Wotif is, undoubtedly, an Australian internet success story. But that doesn’t mean its founder Graeme Wood’s opinions about the future of the internet are worth listening to.
Wood spoke at the 21st World Computer Congress in Brisbane yesterday and, as Fairfax reports, he said this about the National Broadband Network:
If all you do is download the same stuff — only faster — how can you justify that as an investment?
If the mix of the normal usage — email, music, video, Facebook, gaming, stays the same, but just happens faster — is there an economic or social benefit in that for the private user?
See that “if” part? His whole critique is based on the premise that if you have broadband a hundred times faster that what anyone has now, there still wouldn’t be any new applications. Really?
All arguments depend on their assumptions, and at least we can credit Wood for pointing out what his assumptions are. But his assumptions are crap and should be ignored.
If the moon were made of something different and were a different colour, then it would be green cheese. But it’s not.
If vastly faster bandwidth were available then new things do become possible. The fact that you, Mr Wood, can’t think of them isn’t a critique of the NBN. It’s a critique of your limited imagination. Or, even if you have no imagination yourself, your inability to stay in touch with the people sketching out those future applications.

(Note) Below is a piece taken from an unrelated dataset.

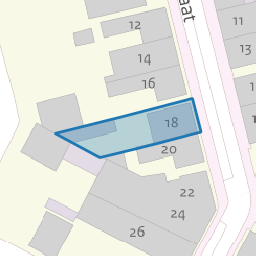 Perceel WSK00-B-1069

Let’s invert that and go back a few years to the mid-1990s. Instead of the 10Mb/s or more ADSL2+ connections that suburban homes have now, and that most regional users still dream of, we have 56kb/s dial-up links.

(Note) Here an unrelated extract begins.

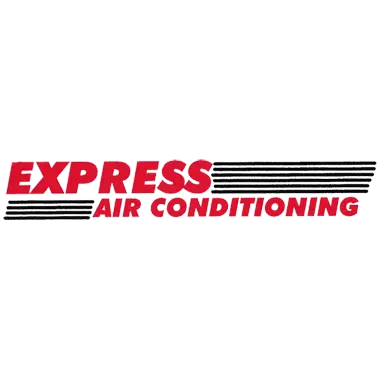 EXPRESS AIR CONDITIONING SERVICE INC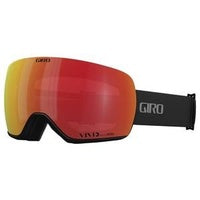2025 Giro Article II Goggle Unisex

Remember 1995? No VoiP telephony, unless there’s no-one else using the internet link. No Skype. No video chat. No AJAX-based software as a service — including Wotif’s own rich interface for booking hotel rooms. No streaming video from the ABC’s iView. No waiting for rich, graphics-filled web pages for news sites. No YouTube. Sure, there were MP3 files, if you were prepared to wait half an hour for each one. Waiting hours to download your monthly Windows updates.
And everyone else in the home waiting until you finish, so they could have their turn.
Wood would be there, saying, “If the mix of the normal usage — email, Gopher, FTP downloads of a text file, web surfing to GeoCities stays the same, but just happens faster — is there an economic or social benefit?”
Of course there is. Even with no new applications, everything happens faster. So everyone can consume faster. Generate profits faster. Do work instead of waiting for software to download.
That someone who purports to be an entrepreneur on the internet has forgotten all this so quickly is appalling.
Thank you for playing, Mr Wood. Now fuck off.